Hypertension accounts for more cardiovascular disease related deaths than any other modifiable risk factor. While exercise training can be effective at reducing blood pressure in some individuals, many people do not respond to exercise training, and many more are unwilling to undergo regular exercise training. Alternative options need to be explored. This is a clinical trial to determine whether 30 sessions of heat therapy in the form of hot water immersion is better than 30 sessions of traditional aerobic exercise training on blood pressure reduction in people with elevated blood pressure (hypertension). The investigators will evaluate known biomarkers of cardiovascular health. It is hypothesized that heat therapy will be superior to exercise training on blood pressure reduction.
Study Type
INTERVENTIONAL
Allocation
RANDOMIZED
Purpose
PREVENTION
Masking
SINGLE
Enrollment
44
30 sessions of immersion in 40.5 degree celsius water for 45 minutes per session
30 sessions of aerobic exercise training for 45 minutes at 60% of VO2peak
University of Oregon
Eugene, Oregon, United States
Blood Pressure Reduction: Change in Systolic and Diastolic Ambulatory Blood Pressure (mmHg) After 30 Sessions of Intervention
Ambulatory blood pressure (ABP) was measured at baseline (PRE) and after 30 heat therapy or exercise training sessions (POST) over the course of 8-10 weeks. Two individuals performed post-intervention testing after completing only 27 sessions (1 in each group). Participants arrived at the lab and were fitted with an oscillometric blood pressure cuff attached to an ambulatory blood pressure monitor. The monitor was programmed to inflate and assess blood pressure every 20 min during self-reported waking hours and every 60 min during self-reported sleeping hours. Waking and sleeping times and measurement frequency were replicated at POST within each participant. Ambulatory blood pressure data were analyzed as 24-h total for both systolic and diastolic blood pressure. Change was calculated as the value at the POST timepoint minus the value at the PRE timepoint.
Time frame: 10 weeks
Arterial Stiffness: Change in Carotid-femoral Pulse Wave Velocity (m/s) From Pre (Baseline) to Post (After 30 Sessions of Intervention)

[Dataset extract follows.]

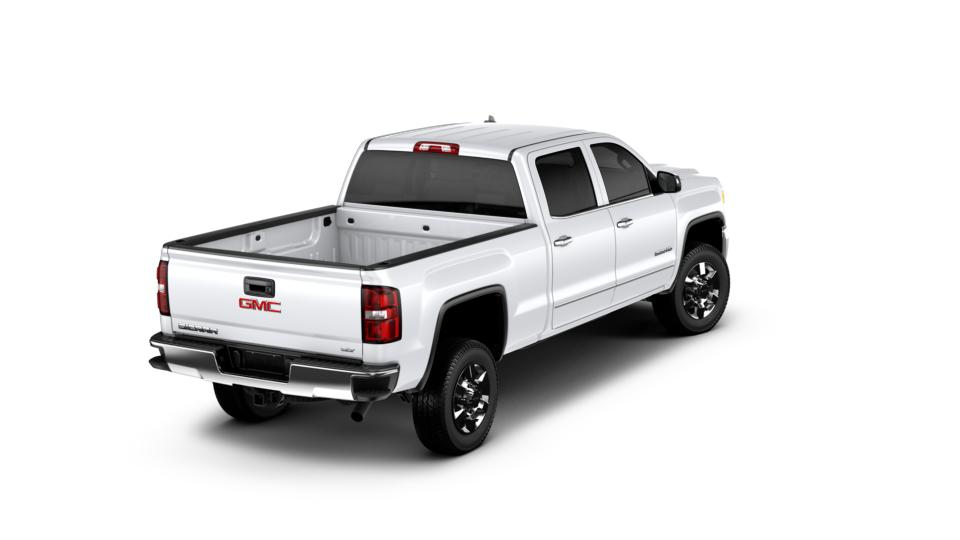 2018 GMC Sierra 2500HD Vehicle Photo in AMARILLO, TX 79103-4111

Carotid-femoral pulse wave velocity (m/s) was measured as a marker of arterial stiffness using a pressure transducing tonometer over the carotid artery and an inflated leg cuff to detect the femoral artery pulse waveform using air displacement at baseline (PRE) and after 30 heat therapy or exercise training sessions (POST) over the course of 8-10 weeks. Two individuals performed post-intervention testing after completing only 27 sessions (1 in each group). Change was calculated as the value at the POST timepoint minus the value at the PRE timepoint.